1: Introduction

closeddate_range12 Dec, 2014, 12:00am - 6 Feb, 2015, 12:00am


Section 1     Introduction


1.1   Background

This document presents the Appropriate Assessment (AA) of Proposed Amendment No. 2 to the Callan Local Area Plan (LAP) 2009-2020 in accordance with the requirements of Article 6(3) of the EU Habitats Directive[1].

This report is divided into the following five sections:

Section 1           Introduction

Section 2           Stage 1 Screening

Section 3           Stage 2 Appropriate Assessment

Section 4           Mitigation

Section 5           Conclusion

1.2   Legislative Context

The Council Directive 92/43/EEC on the Conservation of Natural Habitats and of Wild Fauna and Flora, better known as “The Habitats Directive”, provides legal protection for habitats and species of European importance. Articles 3 to 9 provide the legislative means to protect habitats and species of Community interest through the establishment and conservation of an EU-wide network of sites known as Natura 2000. In Ireland, these are candidate Special Areas of Conservation (cSACs) designated under the Habitats Directive and Special Protection Areas (SPAs) designated under the Conservation of Wild Birds Directive (79/409/ECC), hereafter referred to as European sites.

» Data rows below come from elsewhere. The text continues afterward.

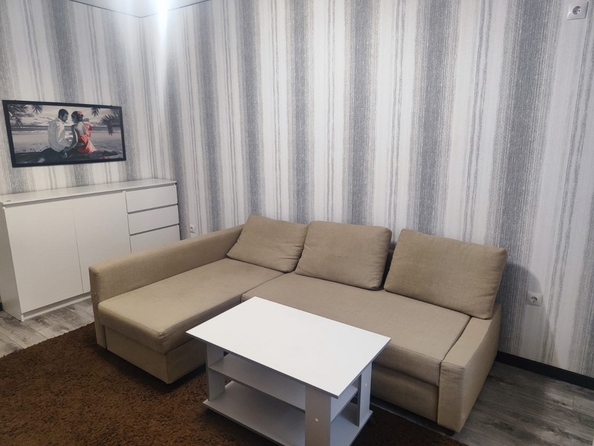 
   Продам 1-комнатную, 33 м², 40-летия Победы пр-кт, 111

. Фото 3.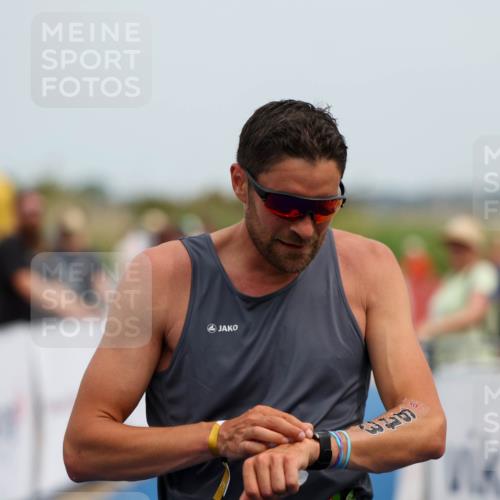 22.06.2025 - Viking Triathlon Michael Strokosch http://msf.ph/oto/8068748 22.06.2025 15:12:31 Ziel 643 meine-sportfotos.de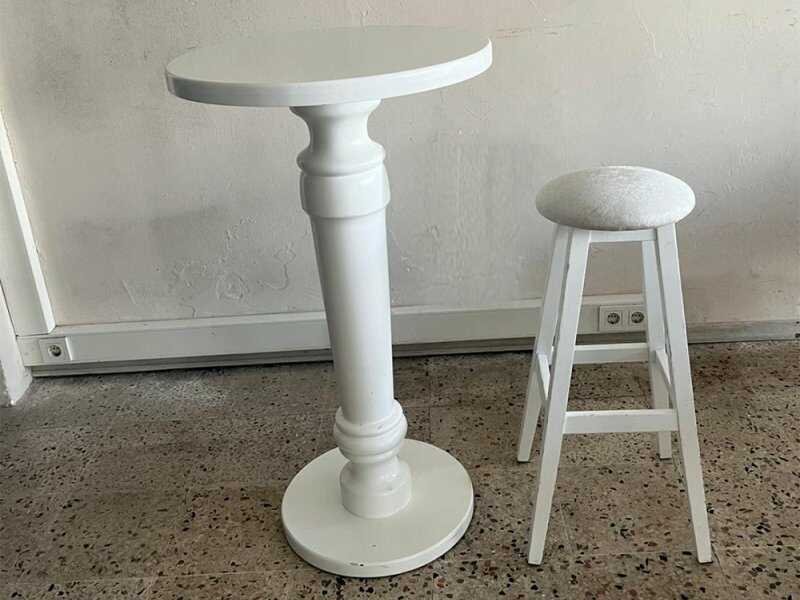 Bahçeköy Beyaz Kokteyl Bistro Masa Kiralama
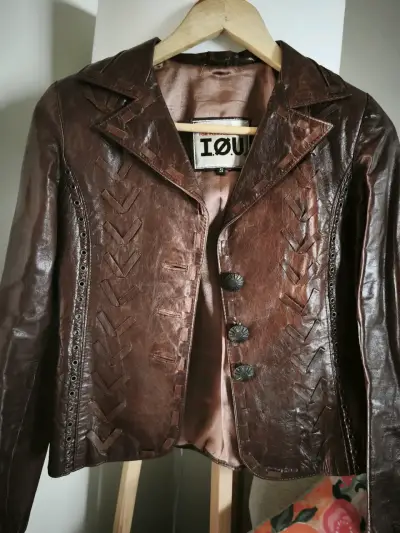 Chaqueta de cuero marrón con diseño tejido - miniatura 1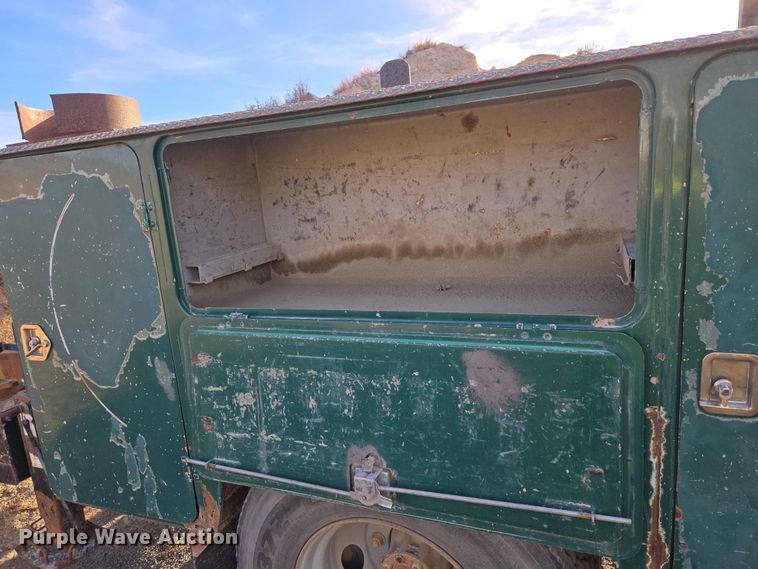 image for item ET5435 2002 International MA025 utility / service truck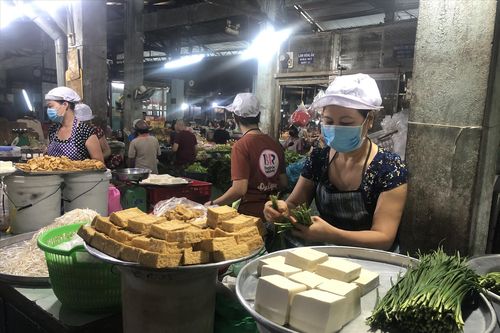 Hàng hóa tại TPHCM lập đỉnh giá mới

Articles 6(3) and 6(4) of the Habitats Directive set out the decision-making tests for plans and projects likely to affect Natura 2000 sites. Article 6(3) establishes the requirement for AA:

“Any plan or project not directly connected with or necessary to the management of the [Natura 2000] site but likely to have a significant effect thereon, either individually or in combination with other plans or projects, shall be subjected to appropriate assessment of its implications for the site in view of the site’s conservation objectives. In light of the conclusions of the assessment of the implications for the site and subject to the provisions of paragraph 4, the competent national authorities shall agree to the plan or project only after having ascertained that it will not adversely affect the integrity of the site concerned and, if appropriate, after having obtained the opinion of the general public.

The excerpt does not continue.